Folk music in Appalachia is usually a family affair, handed down from father to son, mother to daughter, shared via backyard parties, kitchen jam sessions, or old-time fiddler conventions. For breakout Americana star Dori Freeman, this is the world she grew up in, singing old songs with her father Scott Freeman and her grandfather Willard Gayheart. It was in this spirit that all three of them gathered in the frame shop that Willard owns near Galax, Virginia, along with producer Teddy Thompson, New York recording engineer and producer Ed Haber (Linda Thompson, WNYC), and Dori’s husband Nick Falk, to record an album of Willard’s originals and favorite songs. The resulting album, At Home in the Blue Ridge, coming May 24, 2019 on Blue Hens Music, is Willard Gayheart’s first solo album, an “about time!” moment in his 87 years. Over two days, the family gathered to play Willard’s songs, crowding around mics and recording everything live.

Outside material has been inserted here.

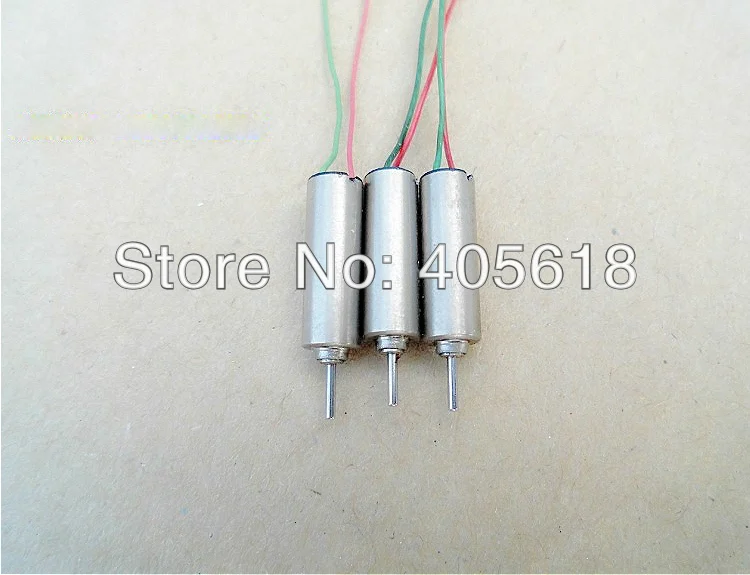 Wholesale 10pcs 4x12mm Model Aircraft Motor Strong Magnetic Coreless Motor DC 3.7V 63000RPM High speed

When a customer came into the shop looking for a frame or one of Willard’s original pencil drawings (he’s an internationally renowned pencil artist known for his bucolic drawings of the region), Willard would get up from the recording to go help them out. This isn’t music made for stages, or made for commerce, it’s music made for family, for sharing a common experience. “It was a special thing to get to do,” Dori explains. “I’ve been picking with him and my dad for a long time, since I was a teenager, but hadn’t recorded anything like that with both of them. Plus it was great to get to work with a lot of originals that he had written over the years.”
A gentle, unassuming man, Willard’s happiest in his frame shop near Galax, Virginia, the home to much of the Blue Ridge Mountain’s best Appalachian folk music. He’s been playing music in the area for years, ever since moving to Galax in 1962 from Kentucky. He grew up there in coal mining country, not far from where Loretta Lynn was born, but really came into the music in Galax. “When I came to Galax, I couldn’t believe it,” Willard says, “every family had a musician of some sort. Music was in the air around here. It was mostly old-time and bluegrass, mostly traditional music but others too.” Forming up with a number of different local bands, Willard began writing songs and sharing them with friends and tourists coming through the area, later touring nationally in a band, Skeeter & The Skidmarks, with his son-in-law Scott Freeman. He still plays regularly in the region, twice a week in the summer months at the Blue Ridge Music Center, a famous stop on the Crooked Road tour.
As a songwriter and as a visual artist, Willard is known for his evocative depictions of Appalachian culture, the old “mountain spirit.” You can hear this on the album with the song “Sweet Virginia Beauty,” written originally about a regional apple variety but shaped to be a love song, or with “The Workin’” which portrays Willard’s memories of growing up deep in the Cumberland Gap region of Kentucky’s Appalachian mountains. One favored song recalls the traditional gathering of “salat” by women in Kentucky (a kind of wild greens). “We’d help each other in the fields in the summer back when I was a boy,” Willard remembers. “People lived off the land and there was a lot of hard work to do.” Willard’s got a wry sense of irony and humor as well, as you can hear in his song “Robin D,” which tells the story of how a man’s love for his boat sundered his marriage, or the song “Ern & Zorry’s Sneakin’ Bitin’ Dog,” which has become a favorite of his granddaughter Dori Freeman’s sets. Just as Willard’s famous pencil art references the region’s musicians, so do his songs, as in “My Henderson Guitar,” a loving ode to the work of famed local luthier Wayne Henderson. Home and family loom large in this music, as they do among the people who live in this storied region.
For Willard, it’s been a blessing to see the career of his granddaugher Dori Freeman blossom. “First time I heard sing,” he says, “she was about 16 or so I guess. I was just blown away by her voice. She just had an incredible voice.” For Dori, it’s hard to imagine her life without music. “Music has always been the most important part of my family,” she says. “It’s a big part of why I have such a good relationship with my parents and my grandpa.” You can hear the old-time mountain music, made among the closest family members, in Willard Gayheart’s new album, and if 87 years was a long time to wait for his first solo record, at least he’s been busy building up to it.